Mickey Mouse has experienced quite a renaissance lately. The Epic Mickey video games featured him prominently, and this summer’s series of shorts on the Disney Channel – funky, stylized world travelogues featuring the Mouse himself – have brought him back into the spotlight in a major way. In June, Disney announced that another Mickey Mouse short, “Get A Horse!,” would debut for the public before the studio’s animated feature Frozen this November (the studio showed it at the Annecy Film Festival on June 11 in France).
The interesting thing about the film is that no one quite knows whether it’s a long lost restoration or a new film done in a throwback style. Disney himself provides the voice of Mickey Mouse in the short, and the studio is billing it as a “never-before-seen” film, which would lead you to believe it’s something Walt Disney Animation has found covered in dust on a shelf.
But who are we kidding? Shelved projects from the Mouse House, and certainly long lost films we’ve never heard anything about, are a bit rare. Everything Disney did or tried to do is well-documented and has been dragged out into the light of day. And trotting out a long-lost hand-drawn classic might be a little awkward in the wake of the studio’s dismantling of its hand-drawn animation division, wouldn’t it? This is surely something new. But to keep the air of mystery going, the studio hasn’t been forthcoming on answers.

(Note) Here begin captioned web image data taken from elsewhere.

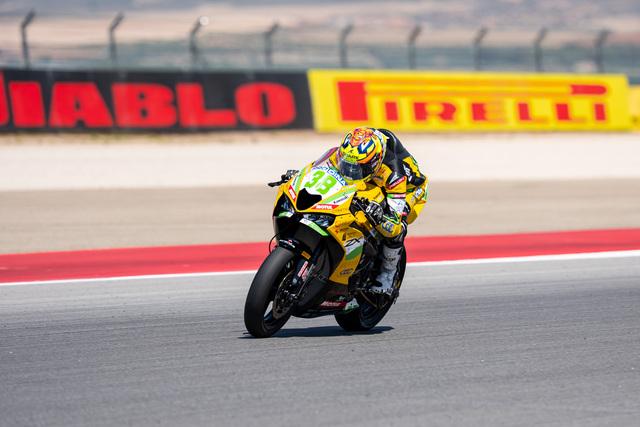 Gamma Pirelli WorldSBK 2026 con SCX e SC0 per asfalto caldo e prestazioni in Superbike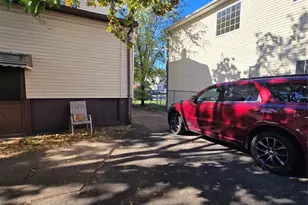 381 Mola Blvd, Elmwood Park, NJ 07407 - Photo 10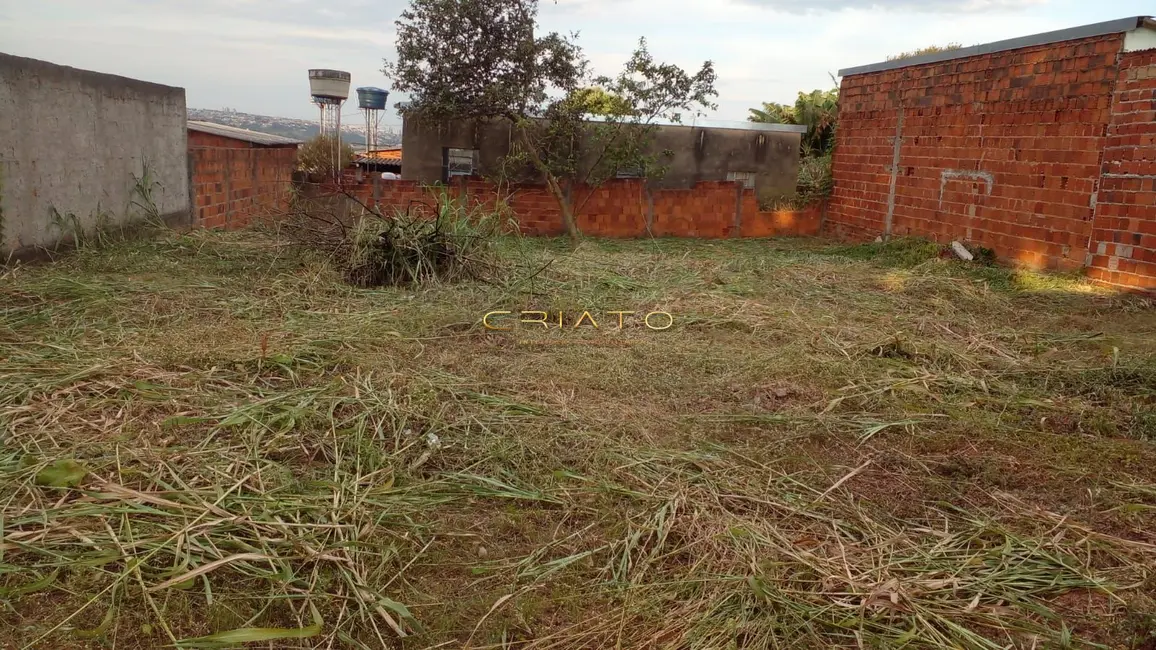 Foto 1 de Terreno / Lote à venda, 371m2 em Lapa, Anapolis - GO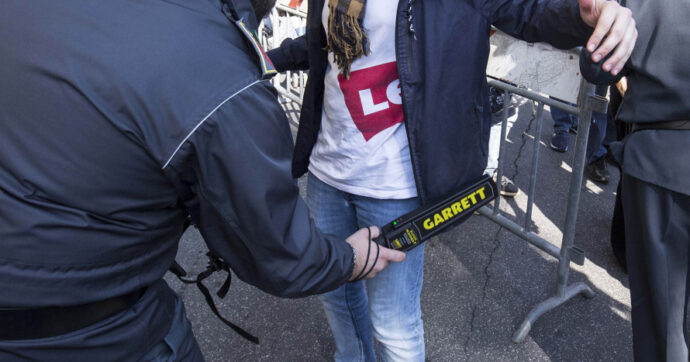 Metal detector a scuola: la circolare di Valditara e Piantedosi dopo l’omicidio a La Spezia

This short would of course mean Walt Disney’s first on-screen credit in many years, and it pairs neatly with the first-ever fictional portrayal of Walt this Christmas in Saving Mr. Banks. The synopsis of “Get A Horse!” is as follows:
Starring the one and only Mickey Mouse and featuring Walt Disney himself as the voice of the iconic character, this black-and-white, hand-drawn short follows Mickey, his favorite gal pal Minnie Mouse and their friends Horace Horsecollar and Clarabelle Cow as they delight in a musical wagon ride—until Peg-Leg Pete shows up and tries to run them off the road.
Is “Get A Horse!” really an old chestnut that Disney found in the archives, or is it something new made to look old with modern movie trickery? We may never know, but the hype surrounding the short may bring that many more moviegoers in to see Frozen.